Sorcery Paintings | 做自己 - 2024年4月

Sorcery Paintings

作者:Anderson, Duane
出版社:
出版日期:2012年01月07日
ISBN:9781467986533
語言:繁體中文
售價:718元

"Sorcery Paintings" is mystery about Aboriginal sorcery, greedy mining companies, and corrupt politicians in the Northern Territories of Australia in 1983. The story opens with the murder of a sorcerer (Big Ed) as he completes a sorcery painting at Daberrk rock shelter. We learn that War-ua National Park has recently been established to preserve Aboriginal lands, but the government reserves the rights to mine uranium in the Park. The first area to be destroyed is the sacred Deaf Adder Dreaming Place near Wallaroo. UNECSO (United Nations Educational, Cultural and Scientific Organization) engages our heroine (Shelly Kelley) and her colleague (Jean Montoya) to pose as rock art scholars while covertly investigating reports that Aboriginal sorcerers are killing mine workers. They team up Abo Joe, a derelict from Oenpelli, and travel to Nourlangie Rock, Jim Jim Falls, and the Ubirr Rock Shelter where victims have been found in association with the Breath Stealer, the Four Armed Fire Woman and the Flesh Eater. As the story unfolds a supreme court justice is found wired to a chair at the Wallaroo airport in a uranium-contaminated shack; the body of a prominent rock art specialist is discovered in a termite mound by a group of tourists; a UNECSO official and the environmental specialist from the mine are murdered in a bingle at Wildman Creek; a group of feather-covered sorcerers are seen enhancing their bones at Big Ed's funeral to avenge his murder; and Big Ed's apprentice is boned at a corroboree near Katherine by another sorcerer from Windjina Gorge. These seemingly unrelated events come together on Inyalak Hill in Arnhem Land as our heroine and her crew find themselves running for their lives with the mine superintendent who is being framed by a competing mining company.
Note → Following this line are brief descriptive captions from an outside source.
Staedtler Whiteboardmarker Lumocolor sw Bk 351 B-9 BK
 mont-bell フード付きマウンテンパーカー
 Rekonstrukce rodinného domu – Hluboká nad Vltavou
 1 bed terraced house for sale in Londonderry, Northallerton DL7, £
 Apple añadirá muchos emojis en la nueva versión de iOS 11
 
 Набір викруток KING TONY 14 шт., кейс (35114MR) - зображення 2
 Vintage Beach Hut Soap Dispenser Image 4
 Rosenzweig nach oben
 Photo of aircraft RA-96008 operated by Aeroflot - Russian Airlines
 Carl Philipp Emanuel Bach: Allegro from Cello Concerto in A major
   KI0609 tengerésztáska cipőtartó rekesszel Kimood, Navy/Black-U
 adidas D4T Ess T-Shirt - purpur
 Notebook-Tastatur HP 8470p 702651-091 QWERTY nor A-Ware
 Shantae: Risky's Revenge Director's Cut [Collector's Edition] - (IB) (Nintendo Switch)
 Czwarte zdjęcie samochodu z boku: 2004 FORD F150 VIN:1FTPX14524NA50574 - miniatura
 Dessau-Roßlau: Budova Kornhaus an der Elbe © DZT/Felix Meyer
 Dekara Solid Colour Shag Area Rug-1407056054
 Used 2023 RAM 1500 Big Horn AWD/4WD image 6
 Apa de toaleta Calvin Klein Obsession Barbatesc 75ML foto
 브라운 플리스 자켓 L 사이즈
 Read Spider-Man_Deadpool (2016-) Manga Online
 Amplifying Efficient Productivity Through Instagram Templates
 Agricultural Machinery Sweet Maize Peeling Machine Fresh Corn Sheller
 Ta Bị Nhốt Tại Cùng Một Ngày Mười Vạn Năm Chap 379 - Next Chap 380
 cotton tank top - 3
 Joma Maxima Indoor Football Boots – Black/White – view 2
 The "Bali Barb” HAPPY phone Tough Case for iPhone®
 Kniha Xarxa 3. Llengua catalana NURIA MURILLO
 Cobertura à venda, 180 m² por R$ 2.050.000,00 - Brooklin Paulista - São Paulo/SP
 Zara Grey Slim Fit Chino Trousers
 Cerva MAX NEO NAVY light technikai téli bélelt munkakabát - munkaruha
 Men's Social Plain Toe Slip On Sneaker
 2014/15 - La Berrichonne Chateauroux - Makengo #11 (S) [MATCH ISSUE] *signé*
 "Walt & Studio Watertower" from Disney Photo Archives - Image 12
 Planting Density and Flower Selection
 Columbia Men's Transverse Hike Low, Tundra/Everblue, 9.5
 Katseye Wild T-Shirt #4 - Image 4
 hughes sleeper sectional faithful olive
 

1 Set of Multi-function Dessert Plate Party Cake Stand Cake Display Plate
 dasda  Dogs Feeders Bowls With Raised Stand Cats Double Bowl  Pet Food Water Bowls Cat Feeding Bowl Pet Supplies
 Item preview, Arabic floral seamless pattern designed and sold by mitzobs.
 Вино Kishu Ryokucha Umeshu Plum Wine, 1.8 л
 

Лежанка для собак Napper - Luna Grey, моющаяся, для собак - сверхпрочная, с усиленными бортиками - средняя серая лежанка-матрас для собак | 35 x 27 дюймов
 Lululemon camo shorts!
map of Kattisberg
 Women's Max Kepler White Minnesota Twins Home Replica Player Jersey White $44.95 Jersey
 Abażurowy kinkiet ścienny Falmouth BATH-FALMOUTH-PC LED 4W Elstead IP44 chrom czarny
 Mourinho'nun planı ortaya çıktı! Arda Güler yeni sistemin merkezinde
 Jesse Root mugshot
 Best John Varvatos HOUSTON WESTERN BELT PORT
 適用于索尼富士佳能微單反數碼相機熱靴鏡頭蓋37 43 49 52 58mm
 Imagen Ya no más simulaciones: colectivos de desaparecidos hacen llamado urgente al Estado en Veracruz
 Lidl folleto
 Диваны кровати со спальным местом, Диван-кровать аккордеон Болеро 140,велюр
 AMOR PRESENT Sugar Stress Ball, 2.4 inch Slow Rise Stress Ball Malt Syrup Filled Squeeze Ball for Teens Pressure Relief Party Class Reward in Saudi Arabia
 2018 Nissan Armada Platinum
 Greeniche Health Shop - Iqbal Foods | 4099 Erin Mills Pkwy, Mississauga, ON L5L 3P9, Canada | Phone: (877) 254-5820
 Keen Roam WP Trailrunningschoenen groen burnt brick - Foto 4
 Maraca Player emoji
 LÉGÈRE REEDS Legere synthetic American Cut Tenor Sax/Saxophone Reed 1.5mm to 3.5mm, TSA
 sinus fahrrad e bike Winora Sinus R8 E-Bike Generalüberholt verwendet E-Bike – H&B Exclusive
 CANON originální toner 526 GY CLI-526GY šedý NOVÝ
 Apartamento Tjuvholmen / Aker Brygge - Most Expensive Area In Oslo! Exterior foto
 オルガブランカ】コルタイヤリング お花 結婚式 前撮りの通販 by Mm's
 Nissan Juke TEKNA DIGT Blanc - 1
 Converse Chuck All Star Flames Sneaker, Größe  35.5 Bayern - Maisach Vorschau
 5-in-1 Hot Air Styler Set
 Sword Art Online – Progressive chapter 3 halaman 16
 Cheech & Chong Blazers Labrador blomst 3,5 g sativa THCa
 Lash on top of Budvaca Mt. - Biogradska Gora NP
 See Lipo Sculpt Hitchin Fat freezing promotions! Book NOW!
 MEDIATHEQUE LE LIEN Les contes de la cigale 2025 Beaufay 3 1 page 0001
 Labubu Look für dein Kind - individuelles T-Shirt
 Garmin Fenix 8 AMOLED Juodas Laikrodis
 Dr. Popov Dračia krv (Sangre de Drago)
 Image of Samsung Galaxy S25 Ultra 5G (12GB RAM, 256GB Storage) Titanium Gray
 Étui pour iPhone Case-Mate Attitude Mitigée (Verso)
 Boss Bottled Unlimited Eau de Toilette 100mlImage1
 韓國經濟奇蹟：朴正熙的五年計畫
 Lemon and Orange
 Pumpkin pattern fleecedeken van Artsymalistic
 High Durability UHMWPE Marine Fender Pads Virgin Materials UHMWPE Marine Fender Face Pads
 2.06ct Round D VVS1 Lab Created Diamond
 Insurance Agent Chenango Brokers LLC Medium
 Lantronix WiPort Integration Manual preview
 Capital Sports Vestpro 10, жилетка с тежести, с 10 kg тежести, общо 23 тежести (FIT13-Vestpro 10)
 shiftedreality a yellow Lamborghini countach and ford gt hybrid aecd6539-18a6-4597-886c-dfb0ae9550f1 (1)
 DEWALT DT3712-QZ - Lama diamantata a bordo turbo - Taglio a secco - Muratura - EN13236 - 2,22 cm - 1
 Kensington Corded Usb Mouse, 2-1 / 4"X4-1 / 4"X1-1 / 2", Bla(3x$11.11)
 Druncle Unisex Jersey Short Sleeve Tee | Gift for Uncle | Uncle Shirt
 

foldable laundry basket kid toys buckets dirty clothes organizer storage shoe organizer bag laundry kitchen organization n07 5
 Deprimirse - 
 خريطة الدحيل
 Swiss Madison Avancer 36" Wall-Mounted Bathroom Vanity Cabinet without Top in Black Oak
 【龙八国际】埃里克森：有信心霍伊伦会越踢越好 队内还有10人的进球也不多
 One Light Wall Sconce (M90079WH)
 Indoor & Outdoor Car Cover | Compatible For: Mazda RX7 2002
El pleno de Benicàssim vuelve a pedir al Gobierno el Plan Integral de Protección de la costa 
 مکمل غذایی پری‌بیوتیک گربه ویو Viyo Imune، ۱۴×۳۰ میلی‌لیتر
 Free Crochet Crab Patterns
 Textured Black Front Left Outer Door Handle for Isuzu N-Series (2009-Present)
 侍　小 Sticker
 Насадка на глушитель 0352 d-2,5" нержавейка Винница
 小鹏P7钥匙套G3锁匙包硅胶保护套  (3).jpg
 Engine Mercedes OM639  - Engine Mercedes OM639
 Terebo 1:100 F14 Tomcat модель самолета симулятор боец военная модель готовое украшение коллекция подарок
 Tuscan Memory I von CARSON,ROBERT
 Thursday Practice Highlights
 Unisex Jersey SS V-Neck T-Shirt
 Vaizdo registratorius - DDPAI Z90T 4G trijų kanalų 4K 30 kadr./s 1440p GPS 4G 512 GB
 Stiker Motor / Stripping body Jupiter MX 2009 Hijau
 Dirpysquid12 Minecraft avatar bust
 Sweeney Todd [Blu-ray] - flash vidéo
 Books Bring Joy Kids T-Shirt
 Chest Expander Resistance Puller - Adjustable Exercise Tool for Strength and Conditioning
Duane Anderson was trained as a southwestern archaeologist at the University of Colorado-Boulder (PhD 1972). He spent 20 years in Iowa, serving as director of the Sanford Museum and Planetarium, and later as State Archaeologist of Iowa at the University of Iowa. He later served as executive director of the Dayton Museum of Natural History before taking the position of vice president at the School of American Research in Santa Fe, New Mexico. In 2000 Anderson became the director of the Museum of Indian Arts & Culture in Santa Fe. Anderson has published over a hundred papers and books in the fields of archaeology, ethnohistory, paleontology, and museum studies, and has received four awards for his non-fiction books. When he retired Anderson started writing fiction based on his travels and personal experiences. Anderson is currently a Fulbright Senior Scholar and a Research Associate at the School for Advanced Research in Santa Fe.